*** Opening of DATA PROVIDED ***

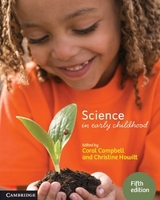 Science in Early Childhood - Campbell, Coral; Howitt, Christine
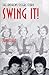 Swing It!: The Andrews Sisters Story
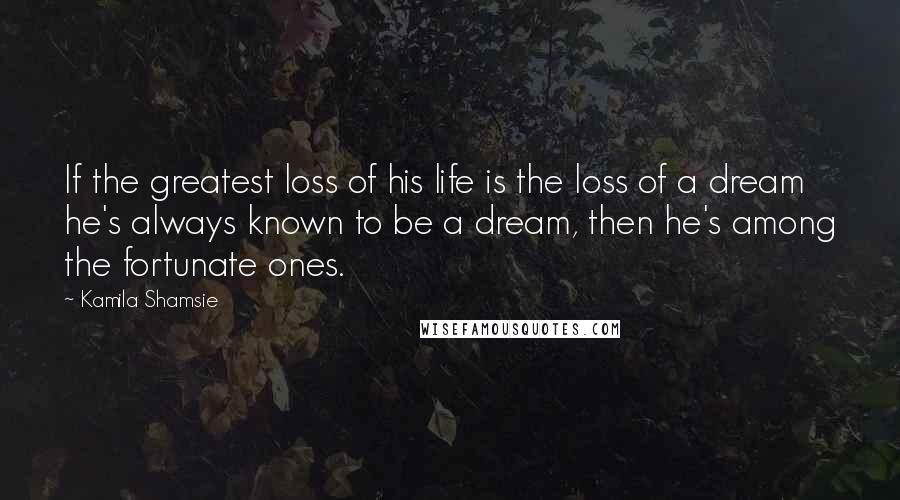 Kamila Shamsie Quotes: If the greatest loss of his life is the loss of a dream he's always known to be a dream, then he's among the fortunate ones.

*** Close of DATA PROVIDED ***

### REQUIREMENT
Restate the listing above word for word, and skip the pictures.

### ANSWER FOR THIS EXERCISE
 Science in Early Childhood - Campbell, Coral; Howitt, Christine
 Swing It!: The Andrews Sisters Story
 Kamila Shamsie Quotes: If the greatest loss of his life is the loss of a dream he's always known to be a dream, then he's among the fortunate ones.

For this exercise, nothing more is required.